### What you should do
Within the data that follows, set down exactly the lines from the one containing "A three piece" through the one containing "May include: A", both ends included.

### Entries shown
══════
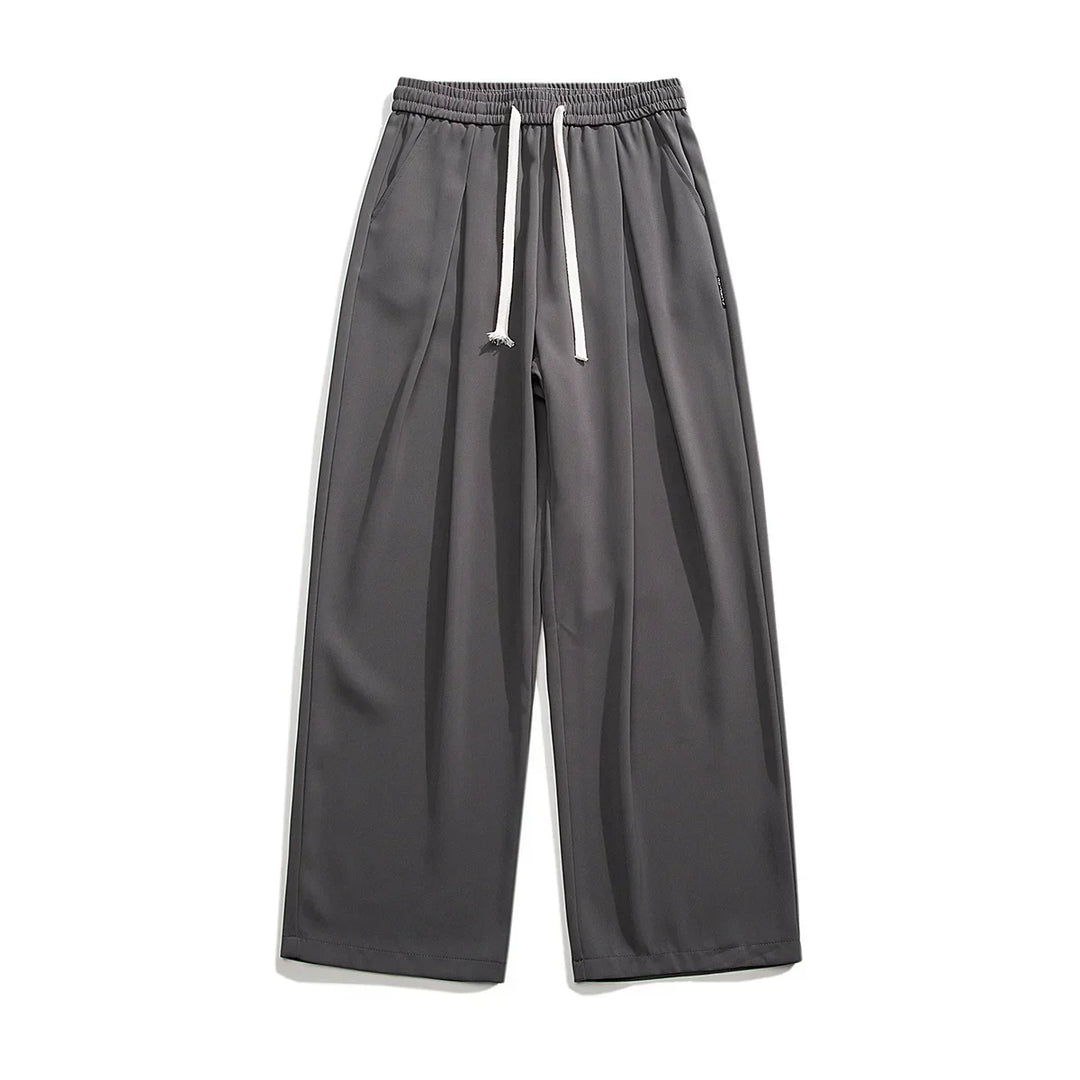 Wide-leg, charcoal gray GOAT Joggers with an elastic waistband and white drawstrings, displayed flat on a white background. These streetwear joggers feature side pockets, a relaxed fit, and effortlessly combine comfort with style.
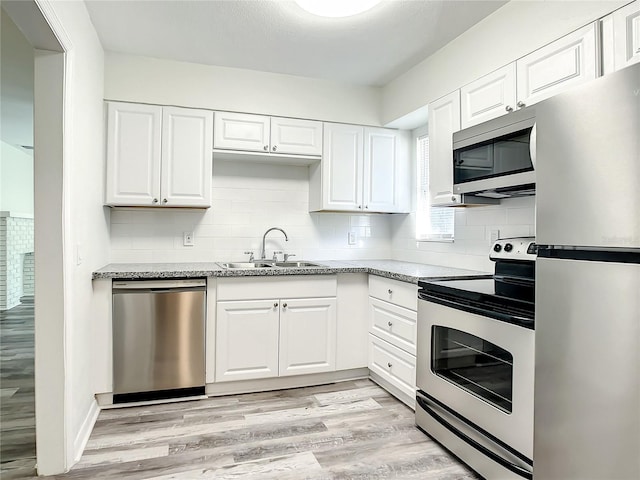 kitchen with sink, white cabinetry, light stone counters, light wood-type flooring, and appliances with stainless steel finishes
══════
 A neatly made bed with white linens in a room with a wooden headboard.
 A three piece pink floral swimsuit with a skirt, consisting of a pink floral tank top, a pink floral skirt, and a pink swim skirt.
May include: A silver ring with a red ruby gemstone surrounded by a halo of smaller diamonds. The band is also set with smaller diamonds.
══════
### Exercise solution
 A three piece pink floral swimsuit with a skirt, consisting of a pink floral tank top, a pink floral skirt, and a pink swim skirt.
May include: A silver ring with a red ruby gemstone surrounded by a halo of smaller diamonds. The band is also set with smaller diamonds.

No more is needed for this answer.